Your objective:
Retype the listing below line for line, but only from the line with "Using the jointer" down to the line with "Шкарпетки жіночі демісезонні", inclusive. Pictures stay out.

Source material:
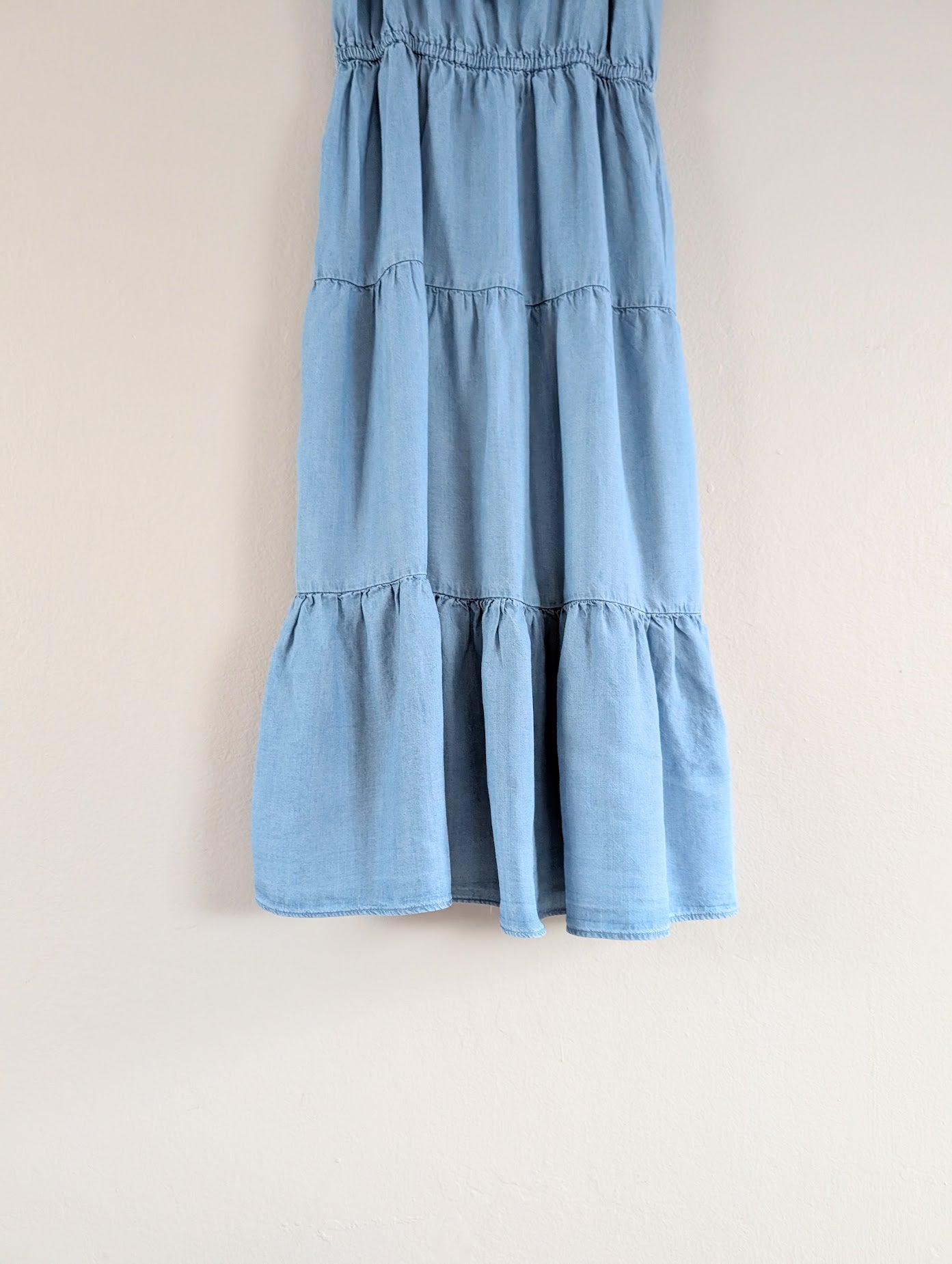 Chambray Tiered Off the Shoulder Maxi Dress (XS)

* * *

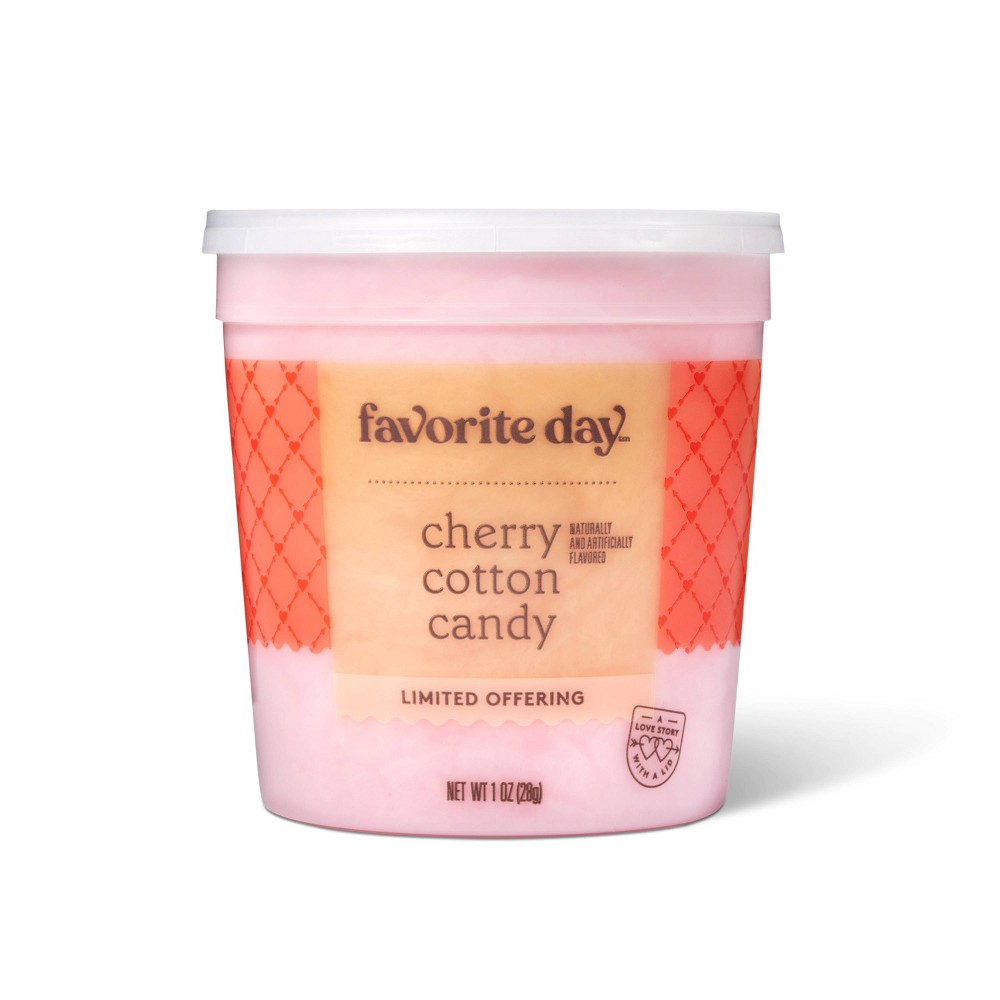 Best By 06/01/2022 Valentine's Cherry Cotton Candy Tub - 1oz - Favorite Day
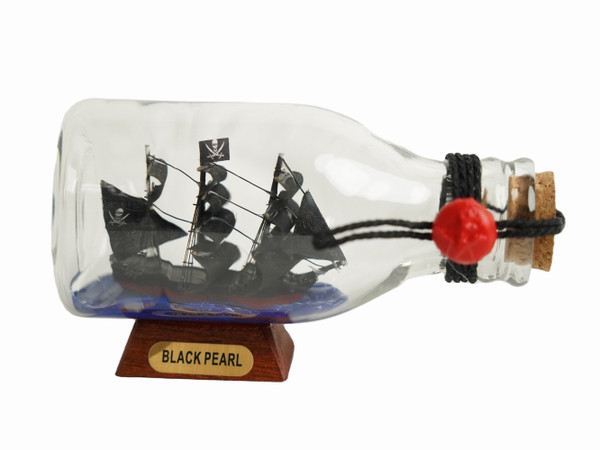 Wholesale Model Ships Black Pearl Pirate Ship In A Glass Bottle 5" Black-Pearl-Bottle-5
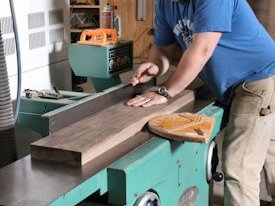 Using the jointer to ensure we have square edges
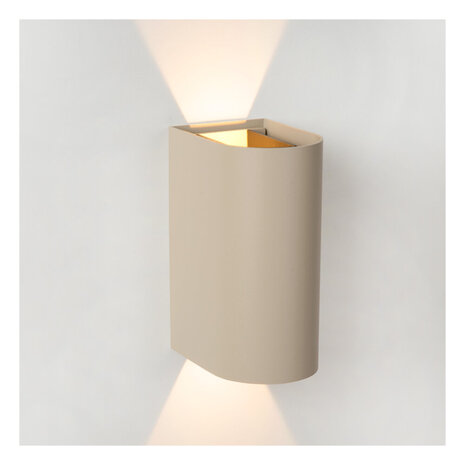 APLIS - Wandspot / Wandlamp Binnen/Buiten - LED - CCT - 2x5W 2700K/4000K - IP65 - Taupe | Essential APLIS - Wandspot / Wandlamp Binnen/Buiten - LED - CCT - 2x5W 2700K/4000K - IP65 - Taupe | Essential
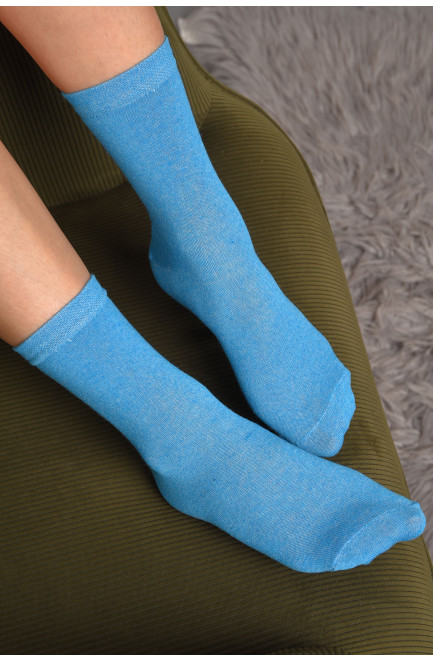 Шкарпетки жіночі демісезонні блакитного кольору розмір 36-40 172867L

Expected answer:
 Using the jointer to ensure we have square edges
 APLIS - Wandspot / Wandlamp Binnen/Buiten - LED - CCT - 2x5W 2700K/4000K - IP65 - Taupe | Essential APLIS - Wandspot / Wandlamp Binnen/Buiten - LED - CCT - 2x5W 2700K/4000K - IP65 - Taupe | Essential
 Шкарпетки жіночі демісезонні блакитного кольору розмір 36-40 172867L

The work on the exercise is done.